Jaelle stared. “Treason for a work of fiction? Almost treason is like almost pregnant. You don’t believe in my gift anyway, so good luck convicting me in a court of law.”
“Treason for writing and distributing seditious materials designed to undermine and overthrow the United States Government. Materials that, if distributed, could foment unrest in the places like the Middle East. The Patriot Act allows us to detain you indefinitely, without trial. I don’t think you realize how tenuous your position is. While the climate at Guantanamo Bay is tropical, I think you would have a hard time fitting in.”
“I can’t believe this,” the fortuneteller said.
“Your vision. Story. Has the government covering up the end of the world. The FBI engaging in the attempted murder of local law enforcement. The Catholic Church, even. You can’t believe it. I can’t believe it.” Walden leaned back and chortled. “You are about out of time. Say hello to the boys at Gitmo for me when you get there.”
“The flow of reality is dictated by forces beyond our imaginations, Agent Walden. Their appetite for destruction knows no bounds. The membrane between our flimsy reality, and the untold terrors lurking in the dark, show themselves to the sensitive. Whether you believe it or not, or are willing to believe it or not is irrelevant. I can’t explain why the Nameless City or its half-dead denizens have not been found by modern archeologists. I can’t explain how we survived the end of 2012, when all the ancient prophecies
said we wouldn’t. Why when Hitler tried to scour the Jews and the Gypsies from Europe, my Grandmother was lucky enough to stow away on a crowded boat that landed at Ellis Island.
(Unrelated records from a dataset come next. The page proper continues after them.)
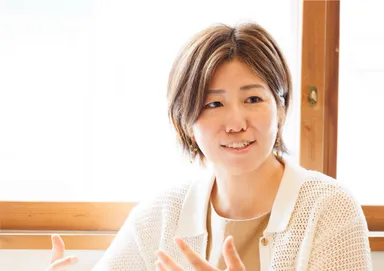 流山本町の魅力をどんどんプロジェクトや商品にしていきたいと語る手塚さん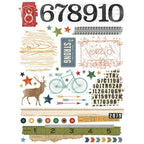 Simple Stories Rustic Legend Rub Ons 26621 Masculine Images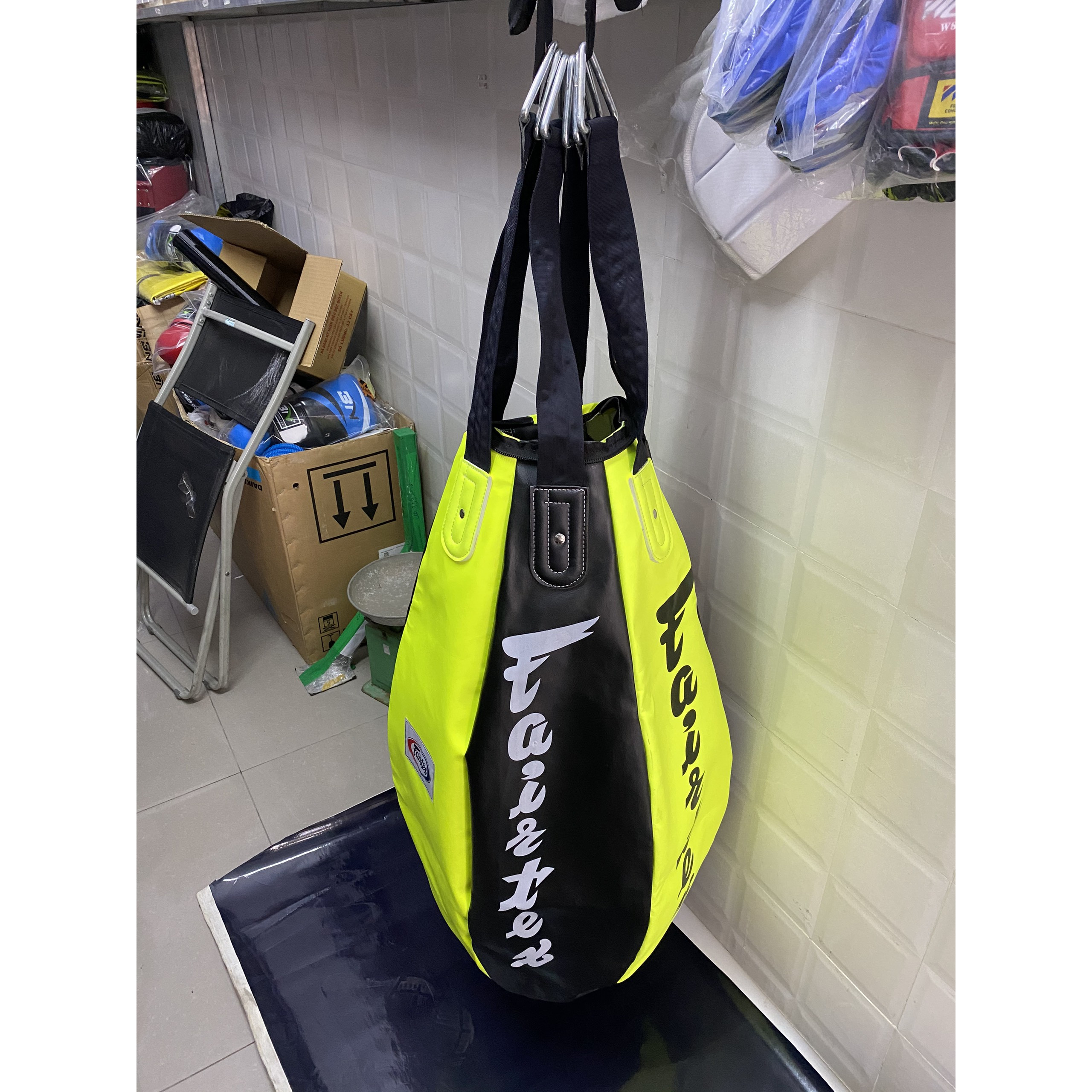 Võ bao cát Hình Trái bầu tròn chiều cao 1m đương kính 50cm cao cấp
Was it divine intervention, or some other force at work we don’t understand? Is it just freak luck based on the fleeting decisions of mortals? What I do know is I see the possibilities in my dreams, and I write them in these notebooks,” she said. “My gift is real, just like the cascade of realities that I see. Why one comes to pass and one other doesn’t, I can’t explain. That is a gift I do not possess. When the child floats that stick down the stream, the currents tug at it. It can only go one way, even though there are a thousand possibilities.”
“Miskatonic University is in Arkham, Massachusetts. Essex County, near the Miskatonic River. The librarian I talked to on the phone said that they had never heard of a book called The Necronomicon,” Walden said. “Maybe your book is lost to time. Lost in the mists of the Miskatonic.”
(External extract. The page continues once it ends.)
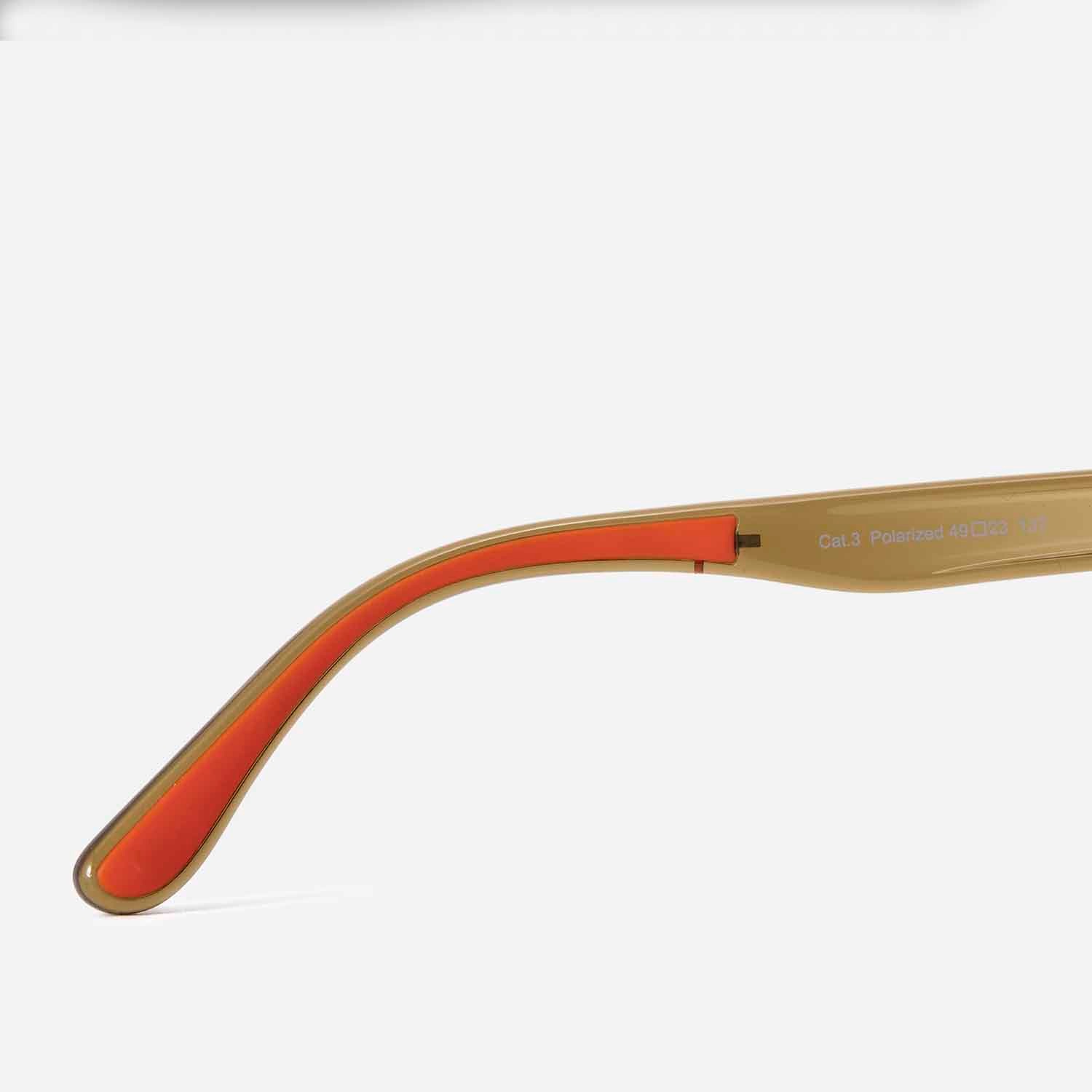 TYMER タイマー サングラス ELIOT エリオット Gloss Clear Brown / Grey Polarized 偏光レンズ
“What if we put your powers to the test,” Marsh croaked as he pulled a crystal from his pocket. He stared at Jaelle. “See if you can do an accurate reading on Agent Walden here. Prove to us you have the gift and we will let you go.”
“I’m not a clown,” she said to Marsh. “I don’t perform just for your amusement.”
He continued to ogle as he opened another notebook and read the title. “Red Ruins. Looks like your writing again.”
“It is,” she said.
“I am amazed you have any visions of Americans on Mars. Given the state of NASA, shrinking budgets, unclear mission focus, lack of support, I find this last story most preposterous,” Walden stated emotionlessly. “NASA’s mission is to trump phony global warming data and build self-esteem for third world countries. We don’t even have working shuttle programs. You could take the A and S out of NASA and it would make more sense right now.”